Pumpkin — the real squash — delivers multiple health benefits, according to Mercola, the website of New York Times bestselling author Dr. Joseph Mercola. Mercola reports:
— Cooked pumpkin contains fewer calories than the same amount of raw squash.
— Pumpkins are full of fiber.
— They contain 100 percent of the daily vitamin A requirement.
— Pumpkins are rich in vitamin C, riboflavin, potassium, copper and manganese.
— The squash delivers antioxidants associated with reducing heart disease and cancer risks.
— Pumpkin seeds provide 30 grams of protein, 110 percent of daily iron requirements, and no cholesterol.
Can’t swallow a pill or keep food down? Allergies may be to blame
Does your child reject dry or dense foods, have trouble swallowing, or experience unexplained abdominal pain or vomiting? It might be worth asking your doctor if your child could have a little known, but increasingly diagnosed, chronic allergic condition called eosinophilic esophagitis (EoE).
According to the American Academy of Allergy, Asthma and Immunology (AAAAI), EoE symptoms occur when the inside of a person’s esophagus becomes inflamed.
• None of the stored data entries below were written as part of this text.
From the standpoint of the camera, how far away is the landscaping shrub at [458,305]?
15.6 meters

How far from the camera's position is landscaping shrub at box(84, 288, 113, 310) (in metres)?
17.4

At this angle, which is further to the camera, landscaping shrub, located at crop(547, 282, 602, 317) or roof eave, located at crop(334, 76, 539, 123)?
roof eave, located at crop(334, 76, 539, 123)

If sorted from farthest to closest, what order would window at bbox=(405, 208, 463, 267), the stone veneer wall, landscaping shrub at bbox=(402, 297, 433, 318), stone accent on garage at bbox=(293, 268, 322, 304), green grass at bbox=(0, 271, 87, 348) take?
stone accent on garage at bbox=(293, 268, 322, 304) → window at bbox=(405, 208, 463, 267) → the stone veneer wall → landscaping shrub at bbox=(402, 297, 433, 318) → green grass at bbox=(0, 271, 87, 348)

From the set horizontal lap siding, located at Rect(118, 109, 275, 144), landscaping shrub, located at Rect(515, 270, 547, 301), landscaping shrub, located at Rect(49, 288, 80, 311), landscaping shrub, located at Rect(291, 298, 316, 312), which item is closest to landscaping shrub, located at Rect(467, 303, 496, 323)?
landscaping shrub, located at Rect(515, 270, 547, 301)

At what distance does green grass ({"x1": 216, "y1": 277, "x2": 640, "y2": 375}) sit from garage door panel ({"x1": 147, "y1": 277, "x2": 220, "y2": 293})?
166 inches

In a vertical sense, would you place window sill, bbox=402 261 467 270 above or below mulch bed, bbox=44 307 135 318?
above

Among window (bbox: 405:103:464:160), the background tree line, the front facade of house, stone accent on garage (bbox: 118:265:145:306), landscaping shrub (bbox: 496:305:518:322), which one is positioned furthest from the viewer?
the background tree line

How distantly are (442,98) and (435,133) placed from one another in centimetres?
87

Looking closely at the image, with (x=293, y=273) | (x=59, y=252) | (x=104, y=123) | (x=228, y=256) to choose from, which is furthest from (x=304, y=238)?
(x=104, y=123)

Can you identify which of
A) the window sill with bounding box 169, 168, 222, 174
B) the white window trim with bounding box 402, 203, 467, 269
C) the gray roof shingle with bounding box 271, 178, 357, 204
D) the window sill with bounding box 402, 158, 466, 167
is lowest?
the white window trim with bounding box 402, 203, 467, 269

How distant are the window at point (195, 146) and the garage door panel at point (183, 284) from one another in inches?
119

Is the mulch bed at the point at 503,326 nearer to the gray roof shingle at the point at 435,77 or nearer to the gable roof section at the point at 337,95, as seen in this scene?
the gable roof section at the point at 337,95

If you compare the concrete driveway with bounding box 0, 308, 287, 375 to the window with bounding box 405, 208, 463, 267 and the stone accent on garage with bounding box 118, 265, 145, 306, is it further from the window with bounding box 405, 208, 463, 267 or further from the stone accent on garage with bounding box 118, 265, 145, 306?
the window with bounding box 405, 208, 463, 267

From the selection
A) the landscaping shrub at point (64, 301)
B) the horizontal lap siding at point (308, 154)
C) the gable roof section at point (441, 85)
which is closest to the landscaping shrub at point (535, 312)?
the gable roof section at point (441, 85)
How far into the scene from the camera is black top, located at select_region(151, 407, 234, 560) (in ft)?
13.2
For most patients, allergy to foods dairy products, egg, soy and wheat are the main causes of EoE.
Doctors are seeing more patients diagnosed with EoE, the AAAAI reports. The condition can only be diagnosed with an endoscopy, and allergy tests such as skin or blood tests could help patients identify the allergens causing their EoE. Most cases can be managed with dietary changes to eliminate trigger foods.
Tips for when you have to go to work sick
A recent New York Times article says that doctors advise workers with a cold or the flu to stay home until they have been free of fever for 24 hours. But if you simply can’t stay home, the story included some tips to limit exposure to others:
— Cough and sneeze into your elbow, not your hand.
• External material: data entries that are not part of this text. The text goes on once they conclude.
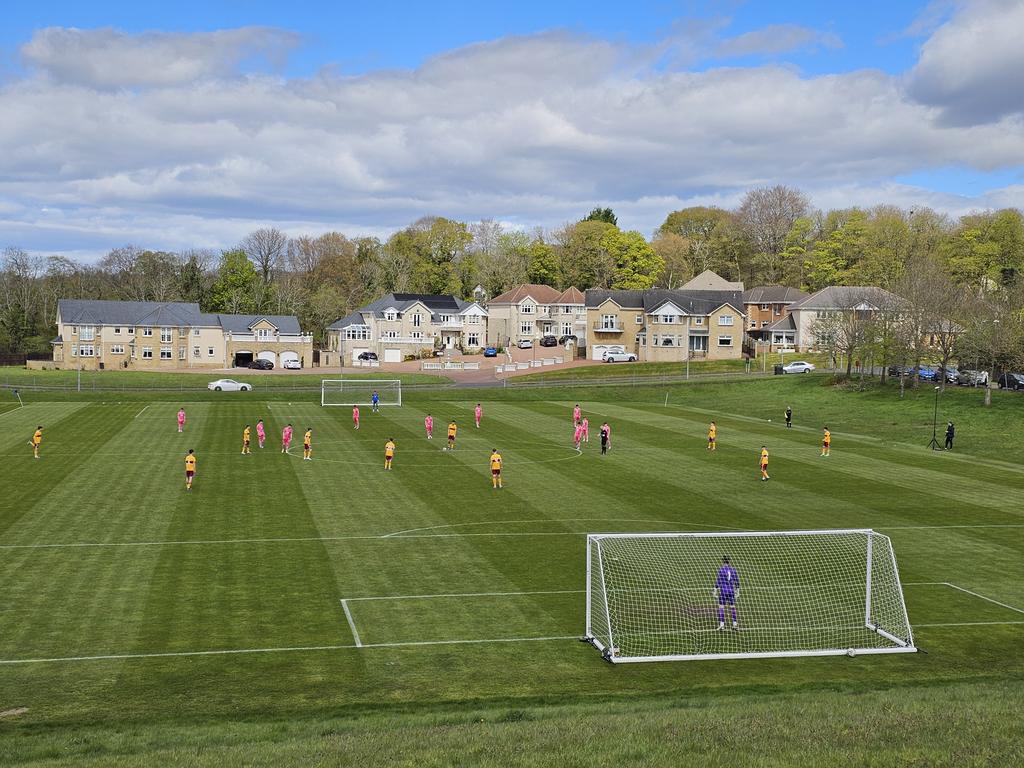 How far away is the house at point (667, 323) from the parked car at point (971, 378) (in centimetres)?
4132

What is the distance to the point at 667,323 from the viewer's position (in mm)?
127500

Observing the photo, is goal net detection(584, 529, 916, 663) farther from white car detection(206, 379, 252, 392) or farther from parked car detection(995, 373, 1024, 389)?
white car detection(206, 379, 252, 392)

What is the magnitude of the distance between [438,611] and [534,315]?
125899 mm

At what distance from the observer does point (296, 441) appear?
5712 cm

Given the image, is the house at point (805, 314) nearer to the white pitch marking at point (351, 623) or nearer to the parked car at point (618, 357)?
the parked car at point (618, 357)

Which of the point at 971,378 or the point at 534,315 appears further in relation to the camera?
the point at 534,315

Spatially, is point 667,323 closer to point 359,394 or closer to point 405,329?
point 405,329

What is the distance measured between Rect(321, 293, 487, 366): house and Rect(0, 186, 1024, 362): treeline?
15531 mm

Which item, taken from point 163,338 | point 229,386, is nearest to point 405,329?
point 163,338

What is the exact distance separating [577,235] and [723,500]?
130 meters

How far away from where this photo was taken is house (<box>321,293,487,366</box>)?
453 ft

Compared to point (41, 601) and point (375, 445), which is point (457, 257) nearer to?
point (375, 445)

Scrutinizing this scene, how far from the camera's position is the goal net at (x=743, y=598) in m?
22.7

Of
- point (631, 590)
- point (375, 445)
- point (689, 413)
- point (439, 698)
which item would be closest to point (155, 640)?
point (439, 698) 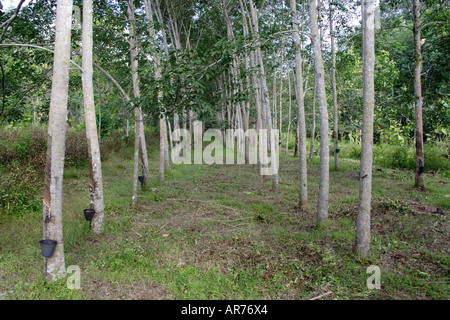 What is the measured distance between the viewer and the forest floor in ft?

— Limit your interaction with others.
— Avoid physical contact, especially shaking hands.
— Wipe surfaces down after touching them.
— Use hand sanitizers or wash hands after coughing or sneezing.
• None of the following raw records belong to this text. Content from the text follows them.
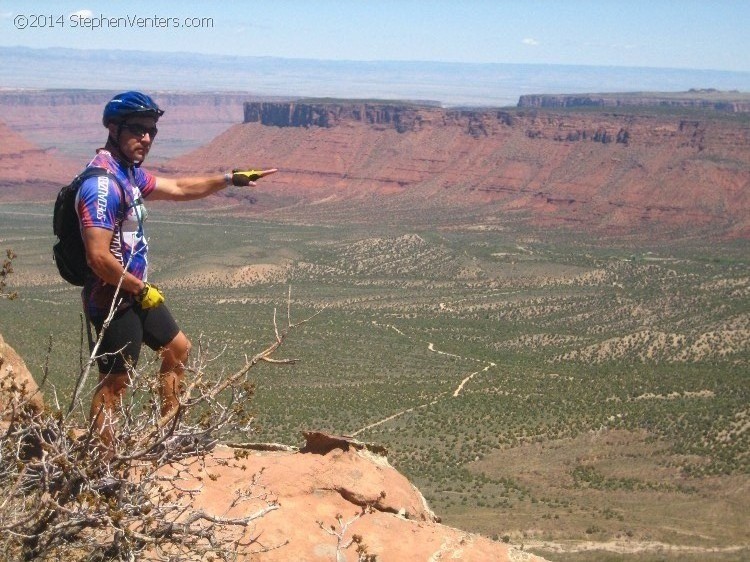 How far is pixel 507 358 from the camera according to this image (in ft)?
122

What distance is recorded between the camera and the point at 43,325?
37531mm

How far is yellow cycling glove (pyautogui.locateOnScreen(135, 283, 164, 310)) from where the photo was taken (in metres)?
5.14

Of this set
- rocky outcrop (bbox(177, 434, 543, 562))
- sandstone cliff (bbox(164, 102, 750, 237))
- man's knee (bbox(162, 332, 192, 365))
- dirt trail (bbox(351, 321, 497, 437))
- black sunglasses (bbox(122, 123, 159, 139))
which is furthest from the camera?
sandstone cliff (bbox(164, 102, 750, 237))

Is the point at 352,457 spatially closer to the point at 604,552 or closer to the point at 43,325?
the point at 604,552

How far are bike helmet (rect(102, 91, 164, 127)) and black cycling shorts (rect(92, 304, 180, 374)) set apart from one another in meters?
1.03

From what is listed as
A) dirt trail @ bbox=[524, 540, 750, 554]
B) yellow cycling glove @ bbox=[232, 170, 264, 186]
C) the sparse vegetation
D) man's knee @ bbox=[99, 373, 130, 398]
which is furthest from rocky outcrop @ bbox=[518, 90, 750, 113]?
man's knee @ bbox=[99, 373, 130, 398]

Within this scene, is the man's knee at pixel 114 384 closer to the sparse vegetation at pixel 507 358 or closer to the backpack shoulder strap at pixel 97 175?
the sparse vegetation at pixel 507 358

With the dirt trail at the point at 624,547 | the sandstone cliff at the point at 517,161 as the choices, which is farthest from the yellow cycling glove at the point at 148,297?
the sandstone cliff at the point at 517,161

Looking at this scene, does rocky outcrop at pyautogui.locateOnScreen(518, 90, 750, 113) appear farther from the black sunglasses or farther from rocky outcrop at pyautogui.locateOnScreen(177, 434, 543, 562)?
the black sunglasses

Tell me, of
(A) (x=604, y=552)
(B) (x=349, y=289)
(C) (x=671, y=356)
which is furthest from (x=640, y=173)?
(A) (x=604, y=552)

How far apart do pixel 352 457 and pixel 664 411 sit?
23.4 m

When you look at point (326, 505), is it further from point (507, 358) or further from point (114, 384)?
point (507, 358)

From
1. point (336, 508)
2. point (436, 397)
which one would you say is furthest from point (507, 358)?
point (336, 508)

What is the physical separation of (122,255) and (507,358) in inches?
1290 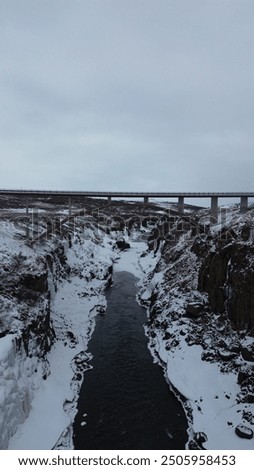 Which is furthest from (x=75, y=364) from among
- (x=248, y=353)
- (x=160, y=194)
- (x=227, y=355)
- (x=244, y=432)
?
(x=160, y=194)

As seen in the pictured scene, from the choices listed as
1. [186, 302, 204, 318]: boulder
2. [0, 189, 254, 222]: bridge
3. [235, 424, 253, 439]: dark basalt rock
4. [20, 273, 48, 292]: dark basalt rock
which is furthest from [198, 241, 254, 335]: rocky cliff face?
[0, 189, 254, 222]: bridge

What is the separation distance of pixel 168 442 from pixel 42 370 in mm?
10365

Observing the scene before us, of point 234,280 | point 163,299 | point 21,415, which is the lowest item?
point 21,415

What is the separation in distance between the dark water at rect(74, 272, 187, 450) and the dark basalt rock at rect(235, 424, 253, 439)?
3.20 metres

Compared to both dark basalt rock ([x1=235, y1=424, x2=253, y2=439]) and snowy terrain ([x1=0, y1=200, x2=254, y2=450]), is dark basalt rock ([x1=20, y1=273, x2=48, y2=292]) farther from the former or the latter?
dark basalt rock ([x1=235, y1=424, x2=253, y2=439])

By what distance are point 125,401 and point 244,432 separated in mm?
7965

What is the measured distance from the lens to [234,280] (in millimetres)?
24922

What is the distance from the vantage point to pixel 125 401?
66.0ft

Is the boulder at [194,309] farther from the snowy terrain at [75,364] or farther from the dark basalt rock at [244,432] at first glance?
the dark basalt rock at [244,432]

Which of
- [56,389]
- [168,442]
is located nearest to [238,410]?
[168,442]

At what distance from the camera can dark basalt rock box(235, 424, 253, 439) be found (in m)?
16.3

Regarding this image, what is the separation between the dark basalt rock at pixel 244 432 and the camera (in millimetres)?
16312

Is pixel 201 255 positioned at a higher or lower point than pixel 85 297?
higher

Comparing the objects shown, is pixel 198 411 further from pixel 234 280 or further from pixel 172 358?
pixel 234 280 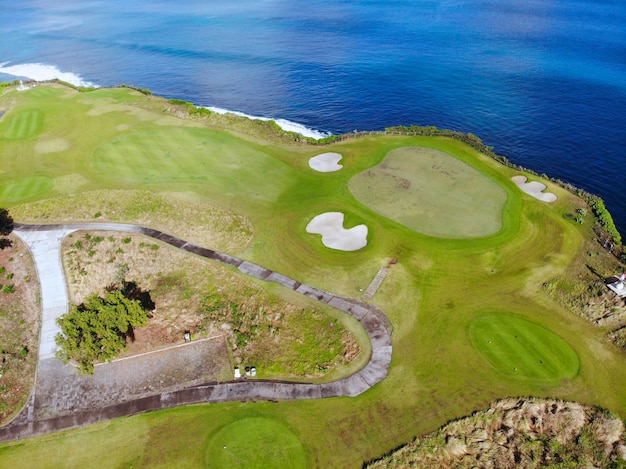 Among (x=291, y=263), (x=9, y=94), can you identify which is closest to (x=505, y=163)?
(x=291, y=263)

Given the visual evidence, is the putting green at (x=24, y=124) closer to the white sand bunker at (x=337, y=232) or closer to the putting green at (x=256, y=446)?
the white sand bunker at (x=337, y=232)

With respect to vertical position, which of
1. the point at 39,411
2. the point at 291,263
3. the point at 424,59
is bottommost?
the point at 39,411

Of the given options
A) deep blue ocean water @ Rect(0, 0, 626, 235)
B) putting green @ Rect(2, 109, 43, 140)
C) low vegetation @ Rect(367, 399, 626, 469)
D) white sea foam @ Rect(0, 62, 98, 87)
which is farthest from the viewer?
white sea foam @ Rect(0, 62, 98, 87)

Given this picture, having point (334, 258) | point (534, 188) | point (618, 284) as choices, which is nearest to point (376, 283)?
point (334, 258)

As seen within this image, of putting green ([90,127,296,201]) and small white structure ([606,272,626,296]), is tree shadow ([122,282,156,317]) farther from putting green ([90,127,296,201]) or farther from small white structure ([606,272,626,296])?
small white structure ([606,272,626,296])

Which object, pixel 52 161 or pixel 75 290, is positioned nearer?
pixel 75 290

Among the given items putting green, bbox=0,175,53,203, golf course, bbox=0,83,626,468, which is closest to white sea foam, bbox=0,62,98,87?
golf course, bbox=0,83,626,468

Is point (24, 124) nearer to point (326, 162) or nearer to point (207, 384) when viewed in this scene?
point (326, 162)

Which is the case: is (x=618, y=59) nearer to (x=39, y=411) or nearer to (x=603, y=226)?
(x=603, y=226) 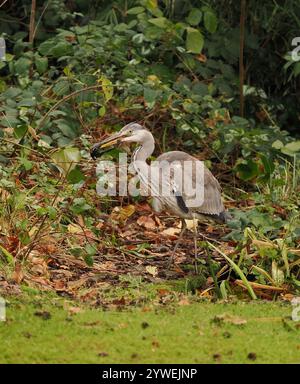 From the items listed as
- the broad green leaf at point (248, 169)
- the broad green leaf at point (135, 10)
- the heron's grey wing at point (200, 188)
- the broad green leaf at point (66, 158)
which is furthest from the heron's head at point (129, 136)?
the broad green leaf at point (135, 10)

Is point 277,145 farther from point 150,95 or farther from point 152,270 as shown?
point 152,270

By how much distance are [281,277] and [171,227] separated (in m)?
2.24

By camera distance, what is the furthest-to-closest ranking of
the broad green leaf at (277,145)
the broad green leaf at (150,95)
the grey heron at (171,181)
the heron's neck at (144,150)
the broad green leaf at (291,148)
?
the broad green leaf at (277,145) < the broad green leaf at (291,148) < the broad green leaf at (150,95) < the heron's neck at (144,150) < the grey heron at (171,181)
— Wear a mask to limit “respiratory droplets.”
— Take medicine to reduce symptoms.
The story also recommended getting your flu shot.
ADHD medication could raise risk of heart defects
According to a recent study, mothers who take attention-deficit/hyperactivity disorder (ADHD) medications during pregnancy could raise the risk of their babies having heart defects. Study author and Assistant Professor of Medicine at Harvard Medical School Krista Huybrechts found that mothers who take Ritalin/Concerta (methylphenidate) for ADHD could increase the risk of having a baby with a heart defect by 28 percent if taken during the first trimester of pregnancy. The study also found that taking amphetamines for ADHD did not carry the same risk.